Here is an over simple explanation of Goldberg v Breitbart (that Jack wrote and it makes Ed make funny noises under his breath as he sees it a bit differently), that an embedded image was still a display, to which a photographer copyright owner has what is known as exclusive rights. The Goldberg case was eventually settled, but the fact that there are two cases in two Federal Circuit courts that don’t line up together in the general idea of embedding and the right of display. When two or more Circuit Courts don’t agree on an issue, there is a chance that the Supreme Court of the United States (SCOTUS) might look and rule on the issue, if such a case that fully covers the issue can be brought forth (and paid for). On any such issue, that could be hugely very good, or it could be a huge disaster, depending on how the court would rule. No way of knowing or predicting that.

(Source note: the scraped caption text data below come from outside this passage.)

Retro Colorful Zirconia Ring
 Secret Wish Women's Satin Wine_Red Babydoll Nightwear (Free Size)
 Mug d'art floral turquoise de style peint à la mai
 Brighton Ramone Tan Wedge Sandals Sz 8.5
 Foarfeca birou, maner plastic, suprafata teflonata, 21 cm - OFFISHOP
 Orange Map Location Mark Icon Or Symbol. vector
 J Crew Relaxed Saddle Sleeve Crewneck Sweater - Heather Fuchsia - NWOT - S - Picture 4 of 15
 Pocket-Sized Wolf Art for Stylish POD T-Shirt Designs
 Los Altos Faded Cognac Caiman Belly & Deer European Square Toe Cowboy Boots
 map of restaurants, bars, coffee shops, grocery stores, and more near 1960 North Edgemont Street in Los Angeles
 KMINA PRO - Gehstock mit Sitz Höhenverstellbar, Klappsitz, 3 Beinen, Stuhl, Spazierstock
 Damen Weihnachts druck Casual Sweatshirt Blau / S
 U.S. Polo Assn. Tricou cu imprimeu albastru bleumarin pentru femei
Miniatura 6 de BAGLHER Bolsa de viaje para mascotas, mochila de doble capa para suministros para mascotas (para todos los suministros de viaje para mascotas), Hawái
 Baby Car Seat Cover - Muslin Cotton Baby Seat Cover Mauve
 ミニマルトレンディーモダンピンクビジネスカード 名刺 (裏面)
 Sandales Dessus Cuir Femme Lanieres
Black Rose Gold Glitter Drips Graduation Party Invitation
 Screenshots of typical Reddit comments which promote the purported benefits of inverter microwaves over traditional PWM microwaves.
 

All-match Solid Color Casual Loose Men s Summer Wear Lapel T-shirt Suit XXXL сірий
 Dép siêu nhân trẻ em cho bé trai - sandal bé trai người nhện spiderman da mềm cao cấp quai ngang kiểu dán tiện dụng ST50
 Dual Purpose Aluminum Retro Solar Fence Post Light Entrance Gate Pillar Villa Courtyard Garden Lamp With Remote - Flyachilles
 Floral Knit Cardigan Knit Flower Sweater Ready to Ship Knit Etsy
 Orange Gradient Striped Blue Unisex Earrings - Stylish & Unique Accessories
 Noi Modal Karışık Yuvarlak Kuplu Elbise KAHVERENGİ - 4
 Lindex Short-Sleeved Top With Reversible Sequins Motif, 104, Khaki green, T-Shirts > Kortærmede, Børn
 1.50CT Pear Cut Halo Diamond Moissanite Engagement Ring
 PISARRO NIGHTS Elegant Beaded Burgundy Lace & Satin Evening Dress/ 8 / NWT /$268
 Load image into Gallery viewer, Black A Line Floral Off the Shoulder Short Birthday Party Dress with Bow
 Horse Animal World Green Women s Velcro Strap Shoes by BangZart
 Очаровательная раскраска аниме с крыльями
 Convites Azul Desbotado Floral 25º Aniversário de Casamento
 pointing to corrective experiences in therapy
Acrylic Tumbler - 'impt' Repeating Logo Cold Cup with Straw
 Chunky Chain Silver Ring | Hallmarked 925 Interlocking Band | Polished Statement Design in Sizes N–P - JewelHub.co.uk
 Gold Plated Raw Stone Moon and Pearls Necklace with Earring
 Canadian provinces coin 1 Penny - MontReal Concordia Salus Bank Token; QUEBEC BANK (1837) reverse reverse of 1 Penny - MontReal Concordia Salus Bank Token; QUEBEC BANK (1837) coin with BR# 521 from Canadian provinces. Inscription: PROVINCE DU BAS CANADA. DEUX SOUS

Which brings us back to what should a photographer do with a situation like this. While Ed’s advice will keep you out of trouble 100% of the time, it also keeps your images in a drawer, which he understands is not ideal. The two of us say, if you have to use Instagram, do it with your eyes open, be very careful what you post, don’t post your absolute winners, just good enough to drive people to your website, where you can control the usage completely. And (this will drive some readers bat dung crazy) watermark your images before you post them online. If you read our blog post on watermarking (linked here), you know that we recommend a small discreet watermark. If your image is ripped off (but legally used) in the same manner as in this case, at least people will know it’s your work. But much more important, if someone removes the watermark, then you have a new ball game. One, that means it’s no longer being embedded and now you can sue. To strip your watermark means someone had to physical crop and alter it. Judge Wood’s ruling only covers embedded images. Two, it’s now also a violation of the Digital Millennium Copyright Act (DMCA).

With that, hoping everyone and your loved ones are staying safe and drinking responsibly, not reactively, in these times. We welcome your comments on this issue.